◆ WHAT TO PRODUCE
Transcribe word for word the section of the records below that opens with the line containing "Adidas Tekkira Cup" and closes with the line containing "Achadinhos Quem Disse"; drop every picture.

◆ RECORD EXCERPTS

---+---

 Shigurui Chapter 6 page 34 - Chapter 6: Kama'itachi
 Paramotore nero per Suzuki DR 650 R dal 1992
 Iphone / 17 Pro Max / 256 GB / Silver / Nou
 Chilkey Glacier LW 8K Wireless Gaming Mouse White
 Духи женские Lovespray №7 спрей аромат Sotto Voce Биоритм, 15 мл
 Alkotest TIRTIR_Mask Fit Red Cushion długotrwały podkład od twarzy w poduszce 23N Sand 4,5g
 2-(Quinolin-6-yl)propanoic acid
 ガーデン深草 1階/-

---+---

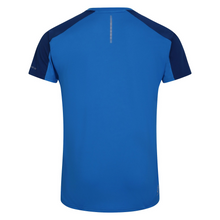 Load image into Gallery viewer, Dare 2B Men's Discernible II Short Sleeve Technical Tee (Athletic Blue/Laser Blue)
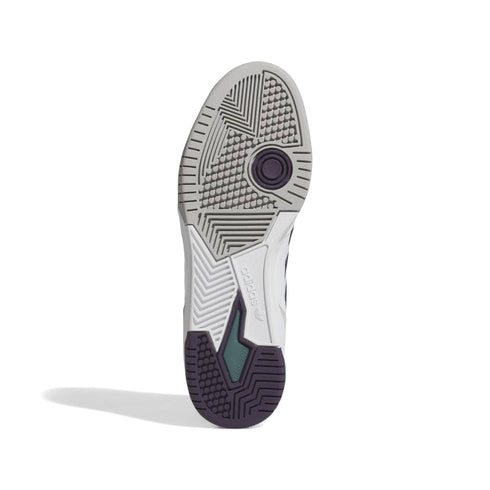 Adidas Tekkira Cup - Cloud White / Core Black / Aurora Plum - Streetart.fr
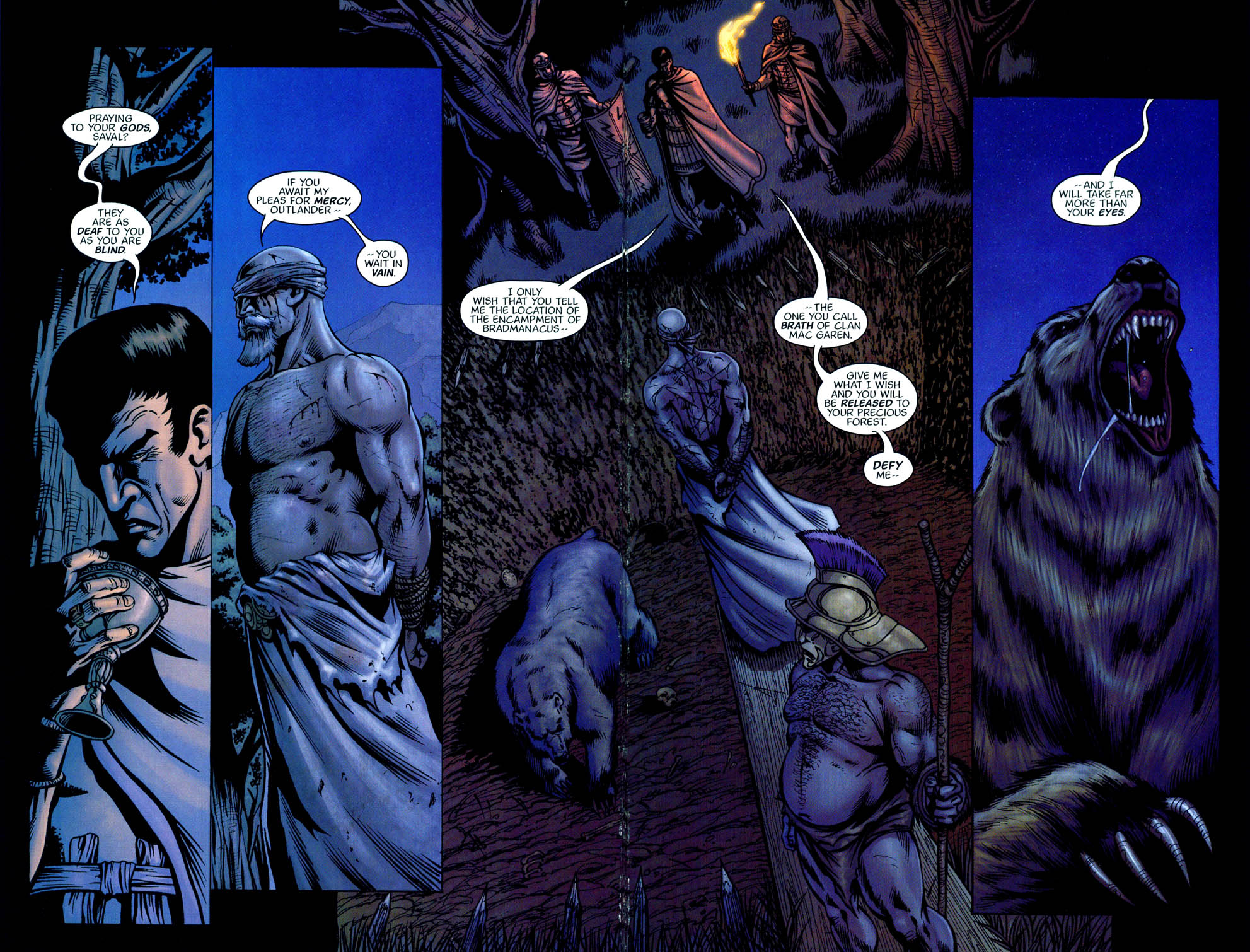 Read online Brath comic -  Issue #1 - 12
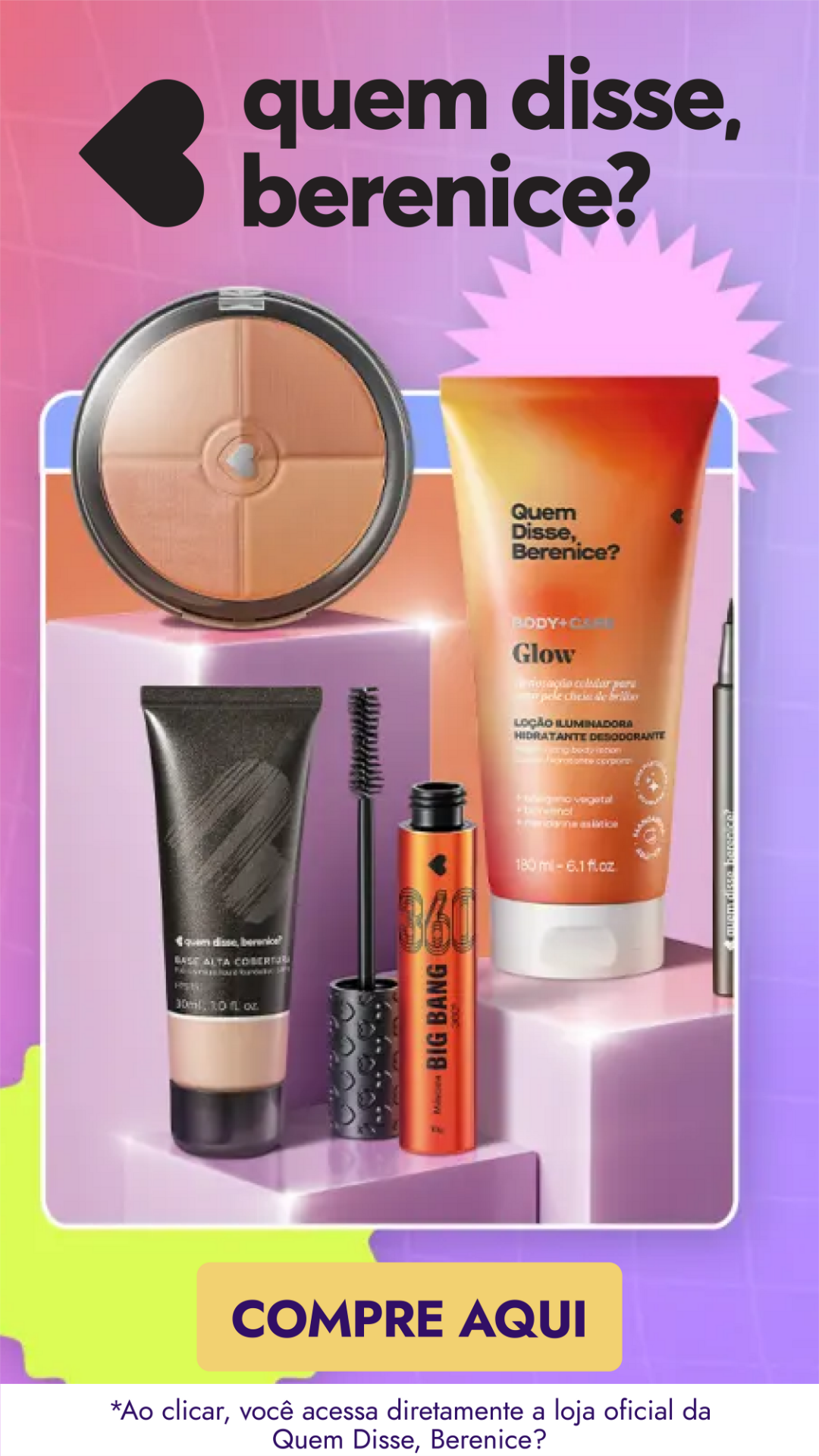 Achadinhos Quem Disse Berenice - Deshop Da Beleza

---+---

◆ TASK RESULT
 Adidas Tekkira Cup - Cloud White / Core Black / Aurora Plum - Streetart.fr
 Read online Brath comic -  Issue #1 - 12
 Achadinhos Quem Disse Berenice - Deshop Da Beleza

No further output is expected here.